With my first video, I hoped to introduce the overall feminist narrative woven through the COP23 conference this past month. While negotiations unfolded, it became clear that women’s rights were making their way to the main stage, ultimately resulting in a concrete gender action plan established under the Presidency of Fiji.
Imagine a world with zero net emissions, a world not run on fossil fuels and the silent work hours of women.
Low-carbon energy technologies have been shown to free up women’s time, expand their access to information, and provide new business and employment opportunities. When policies are enacted to cut emissions and fund green technology, women indirectly benefit globally, as well as the rest of the population.
But that isn’t always enough.
A key phrase at the COP conference this year was “Gender Neutral Climate Action”– that is, developing technologies and implementing policies that do not express or result in bias towards any gender.
In addition to women being disproportionately affected by climate change, advocates for women are also disproportionate in negotiations. In COP18, only 29.4% of delegates were women, increasing to 36% for COP19. It is crucial to recognize that in order to successfully empower women, women need to be at the forefront of the movement. While the COP conferences are beginning to have a more fair representation of genders, gender just climate action cannot be completely successful until women have their proportional say.

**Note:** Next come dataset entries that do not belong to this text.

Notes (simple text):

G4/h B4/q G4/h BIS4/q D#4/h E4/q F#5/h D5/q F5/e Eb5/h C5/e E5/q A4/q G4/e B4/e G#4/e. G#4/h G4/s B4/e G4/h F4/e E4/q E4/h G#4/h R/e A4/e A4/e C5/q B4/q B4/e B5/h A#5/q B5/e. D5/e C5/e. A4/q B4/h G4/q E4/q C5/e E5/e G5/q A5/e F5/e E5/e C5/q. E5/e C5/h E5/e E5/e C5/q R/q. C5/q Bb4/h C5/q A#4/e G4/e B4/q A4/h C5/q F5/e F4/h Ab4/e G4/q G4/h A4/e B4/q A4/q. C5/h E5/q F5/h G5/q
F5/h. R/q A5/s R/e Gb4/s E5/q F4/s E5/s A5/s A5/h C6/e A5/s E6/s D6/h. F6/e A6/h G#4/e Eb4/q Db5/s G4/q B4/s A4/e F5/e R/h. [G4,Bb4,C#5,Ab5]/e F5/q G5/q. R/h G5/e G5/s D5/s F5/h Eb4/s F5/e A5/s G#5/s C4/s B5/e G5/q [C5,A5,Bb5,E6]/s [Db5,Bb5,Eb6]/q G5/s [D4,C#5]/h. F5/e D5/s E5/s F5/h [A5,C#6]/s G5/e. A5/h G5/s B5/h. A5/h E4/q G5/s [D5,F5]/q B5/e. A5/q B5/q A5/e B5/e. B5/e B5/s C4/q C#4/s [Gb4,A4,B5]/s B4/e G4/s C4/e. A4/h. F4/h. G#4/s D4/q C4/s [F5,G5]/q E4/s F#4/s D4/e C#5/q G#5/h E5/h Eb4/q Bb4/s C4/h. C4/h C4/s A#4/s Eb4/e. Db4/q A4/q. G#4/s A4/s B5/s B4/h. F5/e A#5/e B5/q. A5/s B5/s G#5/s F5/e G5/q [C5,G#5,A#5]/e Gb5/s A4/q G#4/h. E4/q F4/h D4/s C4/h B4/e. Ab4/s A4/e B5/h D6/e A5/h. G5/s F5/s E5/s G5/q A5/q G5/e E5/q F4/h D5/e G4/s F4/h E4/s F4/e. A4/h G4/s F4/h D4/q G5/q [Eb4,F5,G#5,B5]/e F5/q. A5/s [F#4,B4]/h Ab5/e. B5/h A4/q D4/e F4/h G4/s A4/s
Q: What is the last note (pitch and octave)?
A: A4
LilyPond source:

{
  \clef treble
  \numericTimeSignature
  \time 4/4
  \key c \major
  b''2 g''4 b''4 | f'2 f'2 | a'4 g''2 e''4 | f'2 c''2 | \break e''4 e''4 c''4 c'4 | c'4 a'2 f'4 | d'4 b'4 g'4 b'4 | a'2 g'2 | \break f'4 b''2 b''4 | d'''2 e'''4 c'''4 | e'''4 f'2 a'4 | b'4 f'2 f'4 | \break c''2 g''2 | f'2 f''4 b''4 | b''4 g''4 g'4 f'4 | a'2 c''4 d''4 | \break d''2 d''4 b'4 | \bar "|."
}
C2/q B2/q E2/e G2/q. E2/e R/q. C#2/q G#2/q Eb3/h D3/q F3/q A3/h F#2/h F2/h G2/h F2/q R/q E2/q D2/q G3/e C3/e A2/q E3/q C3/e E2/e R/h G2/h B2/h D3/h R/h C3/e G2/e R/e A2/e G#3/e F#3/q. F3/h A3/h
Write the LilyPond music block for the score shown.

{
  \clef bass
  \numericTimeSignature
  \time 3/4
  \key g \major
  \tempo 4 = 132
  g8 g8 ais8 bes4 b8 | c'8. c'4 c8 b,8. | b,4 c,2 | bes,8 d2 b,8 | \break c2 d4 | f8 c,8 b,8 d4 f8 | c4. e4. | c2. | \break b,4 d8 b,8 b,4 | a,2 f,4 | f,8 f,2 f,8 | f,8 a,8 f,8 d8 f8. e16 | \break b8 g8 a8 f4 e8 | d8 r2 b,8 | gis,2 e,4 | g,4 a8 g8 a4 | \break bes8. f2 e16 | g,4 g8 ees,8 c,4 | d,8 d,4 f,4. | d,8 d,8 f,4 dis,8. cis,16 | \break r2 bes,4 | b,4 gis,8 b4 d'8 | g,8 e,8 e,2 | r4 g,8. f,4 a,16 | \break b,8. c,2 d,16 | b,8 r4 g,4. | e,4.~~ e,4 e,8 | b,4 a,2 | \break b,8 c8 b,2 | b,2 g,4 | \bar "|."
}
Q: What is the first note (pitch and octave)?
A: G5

Beyond women’s empowerment, the whole world benefits when women are included in climate solutions. One UNFCCC study reported that if women had the same access to productive resources as men, they could increase yields on farms by 20-30%. As well, Climate Technology Centre and Network showed that when women are included, technology becomes much more sustainable.
As one feminist speaker at COP23 put it, “This is about giving women the say, recognizing their knowledge and competencies, building up their capacities to participate fully, and contribute to the solution for climate change.”
The many women and feminist organizations speaking at Bonn this past November proved that women’s rights cannot be an afterthought when negotiating climate action. As future blogs will show, women’s rights and climate change have a long, intertwined history that becomes increasingly more emphasized as we look to the future.
After hearing hours of discussion between women of all academic, social, and cultural backgrounds, it was almost impossible to not feel inspired. The gender action plan of COP23 is just the beginning for a global movement of women’s rights and climate action.
Women are survivors of climate change. Women are the solution to climate change.